Please keep to the lines below from the one with "Hello and welcome" through the one with "I have to apologize", and restate them word for word, ends included.
# # # #
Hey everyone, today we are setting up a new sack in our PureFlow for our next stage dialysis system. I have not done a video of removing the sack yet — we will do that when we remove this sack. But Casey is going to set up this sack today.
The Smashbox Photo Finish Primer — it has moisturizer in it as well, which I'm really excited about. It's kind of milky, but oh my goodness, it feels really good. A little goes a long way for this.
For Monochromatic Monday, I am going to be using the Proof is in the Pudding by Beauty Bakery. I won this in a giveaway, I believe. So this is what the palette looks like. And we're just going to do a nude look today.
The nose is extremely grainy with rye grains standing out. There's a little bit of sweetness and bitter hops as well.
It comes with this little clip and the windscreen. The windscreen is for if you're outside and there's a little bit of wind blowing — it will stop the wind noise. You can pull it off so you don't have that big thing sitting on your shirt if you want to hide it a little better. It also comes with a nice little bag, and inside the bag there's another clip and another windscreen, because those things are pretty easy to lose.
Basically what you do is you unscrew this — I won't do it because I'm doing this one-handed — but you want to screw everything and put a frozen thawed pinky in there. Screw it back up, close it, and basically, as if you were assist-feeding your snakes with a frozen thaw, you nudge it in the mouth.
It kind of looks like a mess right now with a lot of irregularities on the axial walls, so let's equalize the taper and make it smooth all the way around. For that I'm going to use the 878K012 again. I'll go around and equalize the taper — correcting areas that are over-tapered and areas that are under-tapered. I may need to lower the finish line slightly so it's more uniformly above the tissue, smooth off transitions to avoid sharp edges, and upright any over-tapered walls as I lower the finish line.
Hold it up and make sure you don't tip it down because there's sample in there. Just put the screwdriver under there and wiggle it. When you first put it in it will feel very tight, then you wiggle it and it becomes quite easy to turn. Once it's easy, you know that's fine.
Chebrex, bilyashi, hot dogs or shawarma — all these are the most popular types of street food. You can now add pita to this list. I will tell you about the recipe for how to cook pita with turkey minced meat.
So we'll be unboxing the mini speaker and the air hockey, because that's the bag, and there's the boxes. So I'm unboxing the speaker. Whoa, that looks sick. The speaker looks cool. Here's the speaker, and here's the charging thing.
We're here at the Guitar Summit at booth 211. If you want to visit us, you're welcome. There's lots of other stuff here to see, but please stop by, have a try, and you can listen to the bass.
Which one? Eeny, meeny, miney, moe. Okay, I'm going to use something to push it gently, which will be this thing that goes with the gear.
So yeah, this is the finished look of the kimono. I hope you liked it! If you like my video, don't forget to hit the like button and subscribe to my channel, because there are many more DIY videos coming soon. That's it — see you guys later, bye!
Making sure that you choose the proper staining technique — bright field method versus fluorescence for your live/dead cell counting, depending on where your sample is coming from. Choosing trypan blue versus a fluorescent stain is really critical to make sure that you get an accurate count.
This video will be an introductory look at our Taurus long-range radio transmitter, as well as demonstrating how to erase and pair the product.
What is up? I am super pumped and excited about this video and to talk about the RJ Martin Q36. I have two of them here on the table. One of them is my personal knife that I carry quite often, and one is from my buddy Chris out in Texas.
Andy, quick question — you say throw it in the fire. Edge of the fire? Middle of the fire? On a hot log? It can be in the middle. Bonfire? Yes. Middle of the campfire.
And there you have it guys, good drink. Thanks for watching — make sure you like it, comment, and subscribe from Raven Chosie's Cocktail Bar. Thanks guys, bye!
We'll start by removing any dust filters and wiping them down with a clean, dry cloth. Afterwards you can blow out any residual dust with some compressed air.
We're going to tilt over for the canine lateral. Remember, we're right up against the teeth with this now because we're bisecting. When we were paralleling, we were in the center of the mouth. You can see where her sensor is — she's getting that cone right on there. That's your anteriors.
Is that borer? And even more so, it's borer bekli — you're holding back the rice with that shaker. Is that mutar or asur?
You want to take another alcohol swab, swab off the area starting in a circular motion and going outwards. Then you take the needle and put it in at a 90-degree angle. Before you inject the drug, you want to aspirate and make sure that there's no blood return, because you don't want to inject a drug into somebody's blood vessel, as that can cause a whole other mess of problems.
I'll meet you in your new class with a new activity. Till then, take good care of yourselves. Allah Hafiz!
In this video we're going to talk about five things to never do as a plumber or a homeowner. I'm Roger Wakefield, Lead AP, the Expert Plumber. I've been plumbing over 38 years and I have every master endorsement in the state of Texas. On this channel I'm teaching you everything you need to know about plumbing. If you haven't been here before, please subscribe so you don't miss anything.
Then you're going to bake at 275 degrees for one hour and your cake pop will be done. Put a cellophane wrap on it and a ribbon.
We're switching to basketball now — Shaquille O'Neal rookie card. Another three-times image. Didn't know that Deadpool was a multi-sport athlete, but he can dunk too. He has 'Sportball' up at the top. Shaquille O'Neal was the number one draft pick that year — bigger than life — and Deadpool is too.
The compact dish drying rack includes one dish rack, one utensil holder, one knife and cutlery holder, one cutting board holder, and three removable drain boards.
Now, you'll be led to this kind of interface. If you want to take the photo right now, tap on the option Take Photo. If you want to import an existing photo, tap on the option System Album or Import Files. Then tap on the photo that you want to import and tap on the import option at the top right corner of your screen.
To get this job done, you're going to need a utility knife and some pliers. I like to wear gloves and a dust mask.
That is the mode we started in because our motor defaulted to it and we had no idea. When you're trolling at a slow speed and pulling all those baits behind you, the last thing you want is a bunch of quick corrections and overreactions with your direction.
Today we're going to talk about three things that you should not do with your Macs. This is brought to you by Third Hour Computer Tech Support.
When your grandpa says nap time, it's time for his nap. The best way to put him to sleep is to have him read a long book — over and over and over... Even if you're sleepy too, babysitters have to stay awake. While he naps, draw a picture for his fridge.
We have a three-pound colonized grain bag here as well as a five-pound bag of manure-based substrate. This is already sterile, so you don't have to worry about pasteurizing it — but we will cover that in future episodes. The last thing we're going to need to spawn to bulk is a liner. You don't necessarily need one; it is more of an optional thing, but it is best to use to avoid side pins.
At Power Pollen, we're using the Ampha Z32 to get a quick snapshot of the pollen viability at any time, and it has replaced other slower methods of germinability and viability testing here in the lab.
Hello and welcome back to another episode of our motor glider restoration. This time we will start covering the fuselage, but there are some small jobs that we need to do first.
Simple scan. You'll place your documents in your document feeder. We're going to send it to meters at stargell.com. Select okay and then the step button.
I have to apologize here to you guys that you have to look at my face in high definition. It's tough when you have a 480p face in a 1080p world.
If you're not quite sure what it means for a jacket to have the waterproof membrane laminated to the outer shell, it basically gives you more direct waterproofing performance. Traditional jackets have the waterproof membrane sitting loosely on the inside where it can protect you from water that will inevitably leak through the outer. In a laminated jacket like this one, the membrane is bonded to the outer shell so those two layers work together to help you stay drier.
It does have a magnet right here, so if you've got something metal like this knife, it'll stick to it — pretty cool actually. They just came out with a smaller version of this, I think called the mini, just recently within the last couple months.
# # # #
» **RESULT FOR THIS TASK**:
Hello and welcome back to another episode of our motor glider restoration. This time we will start covering the fuselage, but there are some small jobs that we need to do first.
Simple scan. You'll place your documents in your document feeder. We're going to send it to meters at stargell.com. Select okay and then the step button.
I have to apologize here to you guys that you have to look at my face in high definition. It's tough when you have a 480p face in a 1080p world.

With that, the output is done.